Uma constatação final: até o momento o Superior Tribunal de Justiça não se atentou para os efeitos iatrogênicos, assaz preocupantes, oriundos desse “estilo vanguardeiro” de decidir. Se juízes e tribunais insistem em assumir posturas progressistas e até revolucionárias, arrogando para si papel que não lhes compete, isto é, se deixam de reconhecer que o palco legislativo é o adequado e legítimo para debater amplamente a criação e ou revogação de regramentos gerais e abstratos, preferindo arregaçar as mangas e eliminar as “injustiças da lei”, é de se esperar deles, no mínimo, até por coerência e responsabilidade política, alguma accountability acerca dos impactos negativos das decisões que seguem a linha aqui atacada.[20]
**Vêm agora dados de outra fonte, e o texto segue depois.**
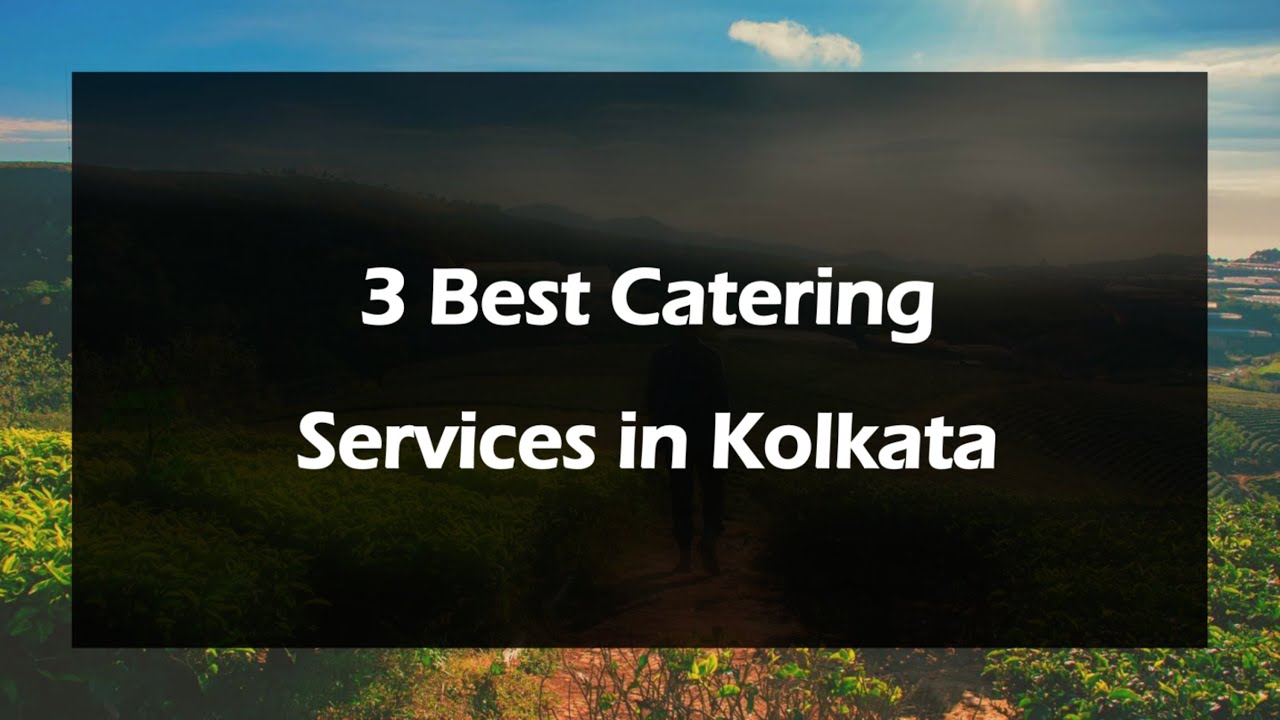 3 Best Catering services in Kolkata, West Bengal 2025 | Catering firms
O Supremo Tribunal Federal foi acionado em ação declaratória de constitucionalidade para afastar, de uma vez por todas, a incerteza que paira sobre o art. 85, §§ 3o, 5o e 8o do CPC/2015 (ADC 71). Mais um capítulo, enfim, da eterna “queda de braço” entre ímpeto jurisdicionalista criativo e dignidade da legislação, duas conhecidas figuras que cotidianamente enfrentam-se no Brasil em torno de uma multiplicidade de temas.

 

Notas e Referências

[1] Em interessante artigo o autor apresenta um apanhado de todas as sugestões que fez chegar à Câmara dos Deputados: CARVALHO DIAS, Ronaldo Brêtas de. Projeto do novo Código de Processo Civil aprovado pelo Senado – exame técnico e constitucional. In: O futuro do processo civil – uma análise crítica ao Projeto do novo CPC. Organização: ROSSI, Fernando; RAMOS, Glauco Gumerato; GUEDES, Jefferson Carús; DELFINO, Lúcio; RIBEIRO MOURÃO, Luiz Eduardo. Belo Horizonte: Editora Fórum, 2011. p. 551-566.
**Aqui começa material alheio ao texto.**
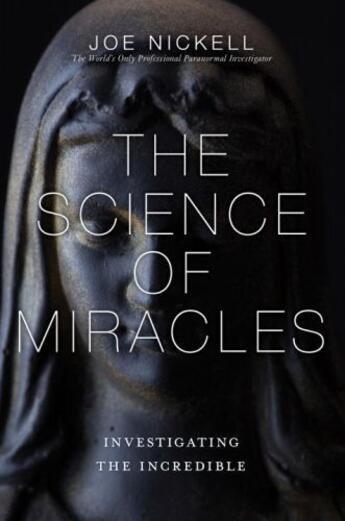 Couverture du livre « The Science of Miracles » de Nickell Joe aux éditions Prometheus Books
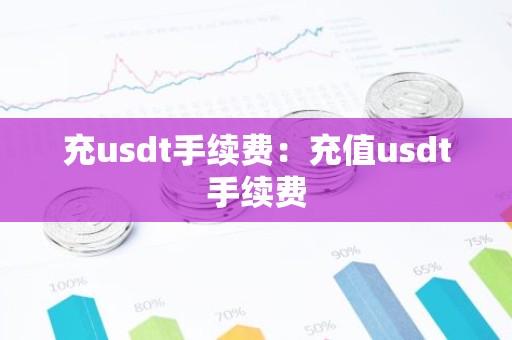充usdt手续费：充值usdt手续费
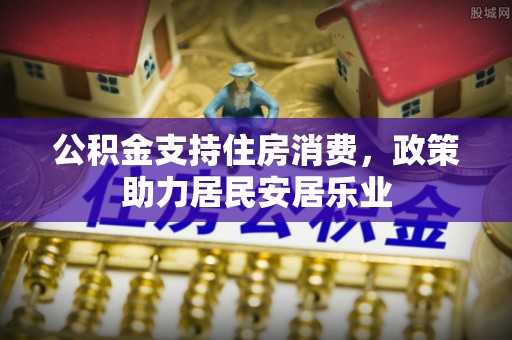 连江公积金支持住房消费，政策助力居民安居乐业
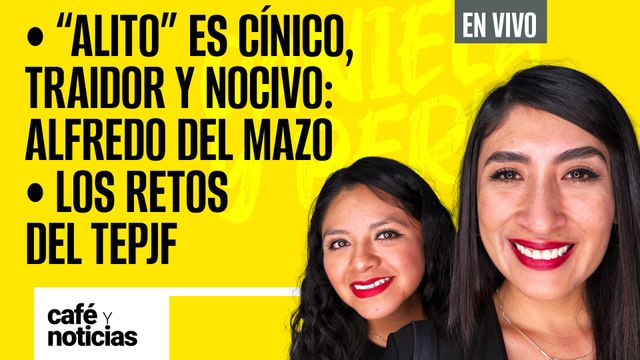 #EnVivo #CaféYNoticias ¬ Alito es cínico, traidor y nocivo: Alfredo del Mazo ¬ Los retos del TEPJF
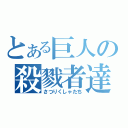 とある巨人の殺戮者達（さつりくしゃたち）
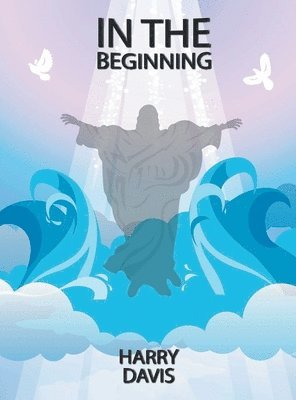 Harry Davis - In the Beginning, Inbunden. Tillgänglighet: Lägg i varukorg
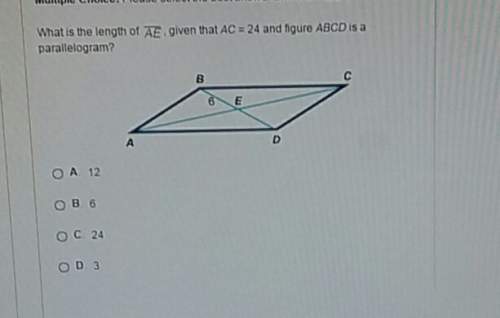 What is the length of ae, given that ac=24 and figure abcd is a parallelogram? a. 12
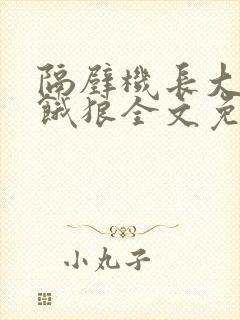 隔壁机长大叔是饿狼全文免费阅读
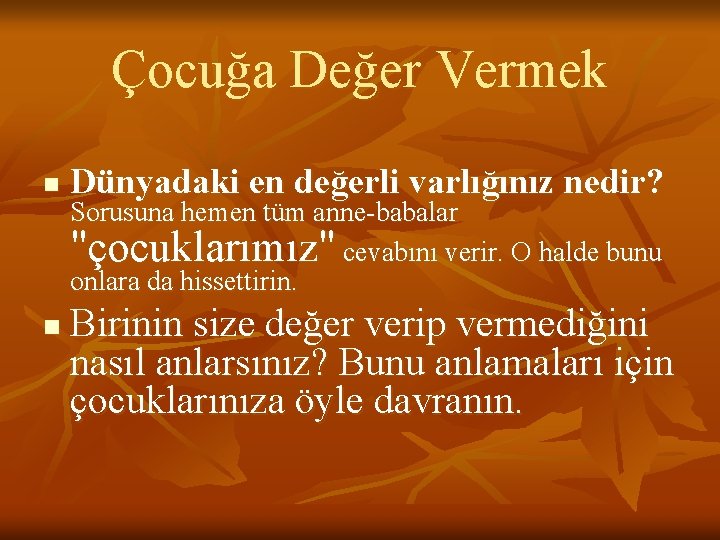 Çocuğa Değer Vermek n n Dünyadaki en değerli varlığınız nedir? Sorusuna hemen tüm anne-babalar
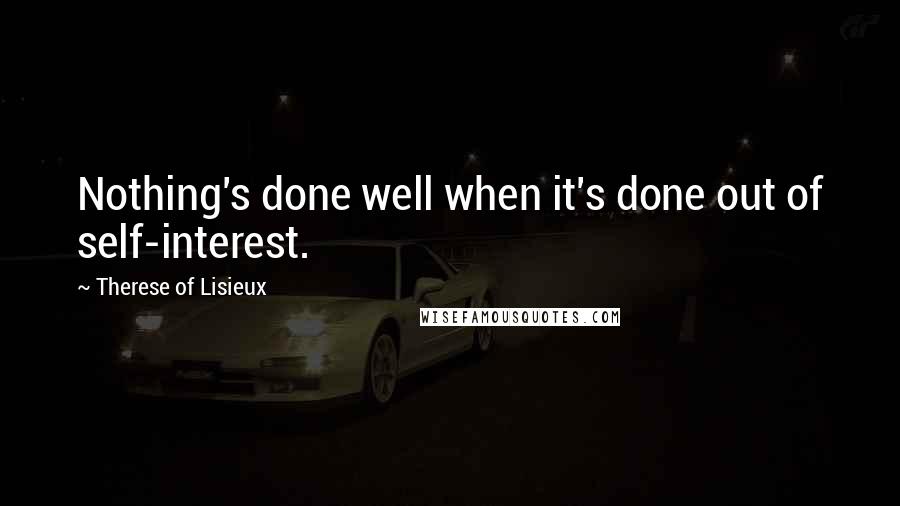 Therese Of Lisieux Quotes: Nothing's done well when it's done out of self-interest.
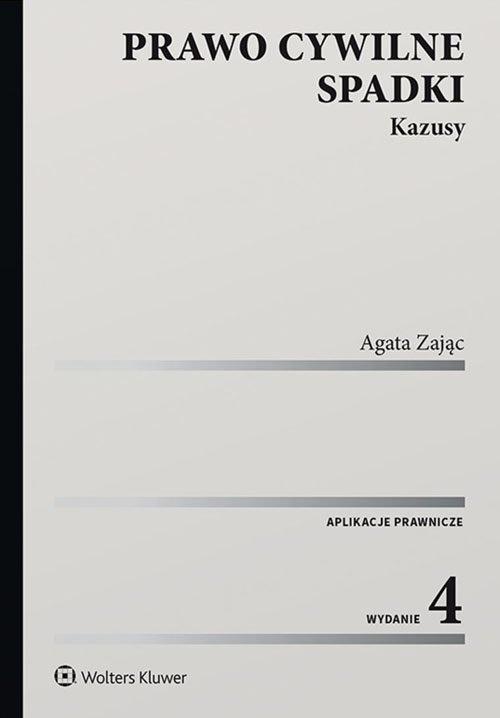 Prawo cywilne. Spadki. Kazusy w.4, Agata Zając
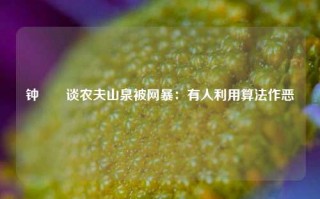 钟睒睒谈农夫山泉被网暴：有人利用算法作恶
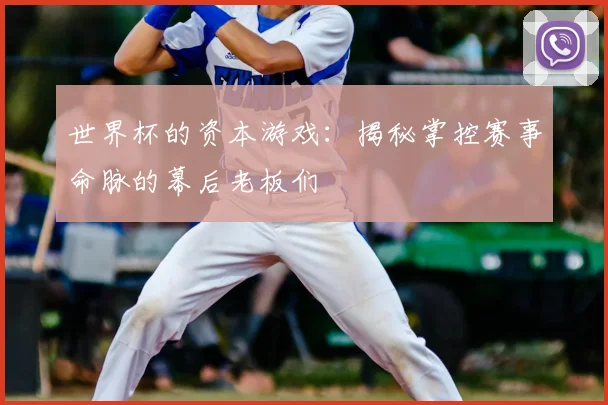 世界杯的资本游戏:揭秘掌控赛事命脉的幕后老板们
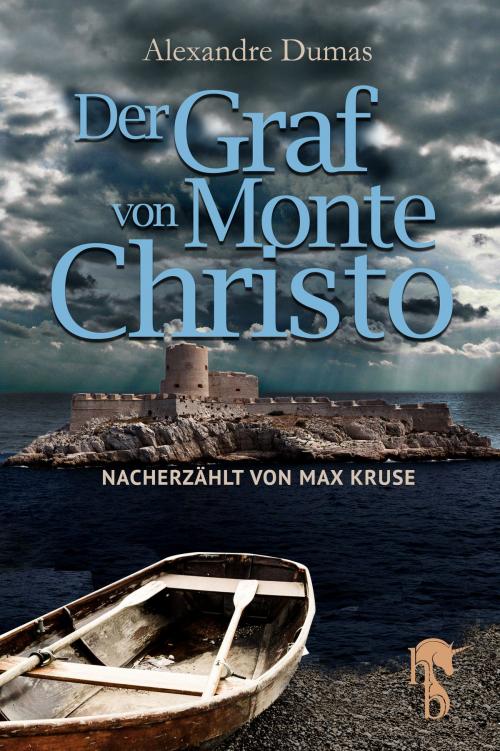 Cover of the book Der Graf von Monte Christo by Max Kruse, Alexandre Dumas, hockebooks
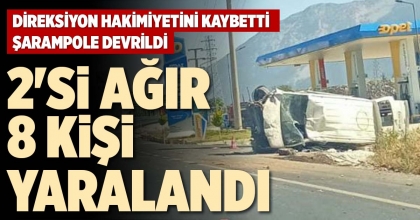 2'Sİ AĞIR 8 KİŞİ YARALANDI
[2] É de se destacar o empenho em dar solução ao problema da jurisdição por equidade da então comissão de juristas (Paulo Henrique dos Santos Lucon, Alexandre Freitas Câmara, Arruda Alvim, Dorival Pavan, Fredie Didier Jr., Leonardo Carneiro da Cunha, Luiz Henrique Volpe Camargo, Marcos Destefenni e Sérgio Murtib), que prestou auxílio técnico à Câmara dos Deputados quando estava sendo gestado o atual Código de Processo Civil. Tanto assim que o chamado “Relatório Paulo Teixeira” trouxe avanços ao propor a supressão do texto previsto no art. 120 do “substitutivo”, originado do Senado Federal, que autorizava juízes a decidir por equidade nos casos previstos em lei. Ao fim e ao cabo, porém, os parlamentares optaram pela manutenção das regras admitindo a utilização da equidade em dadas circunstâncias.

[3] Que fique claro: a equidade é sempre um critério questionável por ser arbitrário e excepcionar a legalidade (CF/88, art. 5o, II – “ninguém será obrigado a fazer ou deixar de fazer alguma coisa senão em virtude de lei”). Recorde-se, aliás, a clássica lição de Pontes de Miranda: “A rigor, equidade é apenas palavra-válvula, com que se dá entrada a todos os elementos intelectuais ou sentimentais que não caibam nos conceitos primaciais dos métodos de interpretação. Para que se atenue a rigidez exegética, a prática e os legisladores têm recorrido a essa noção ambígua, se não equívoca, com que se manda tratar com igualdade sem se definir de que igualdade se trata, nem se dizerem os seus começos e os seus limites. No fundo, a vantagem, se vantagem realmente há, de tal expressão, em povos estranhos à tradição do nosso direito, tem sido semelhante à de todas as outras expressões vagas. A vaguidade serve sempre quando se quer o arbítrio, ou quando se pretende deixar a alguém determinar a norma, sem se confessar que se quis o arbítrio, ou que se deu a alguém esse poder.” (MIRANDA, Pontes de. Comentários ao Código de Processo Civil. Vol. I. Rio de Janeiro: Editora Forense, 1947. p. 412-413).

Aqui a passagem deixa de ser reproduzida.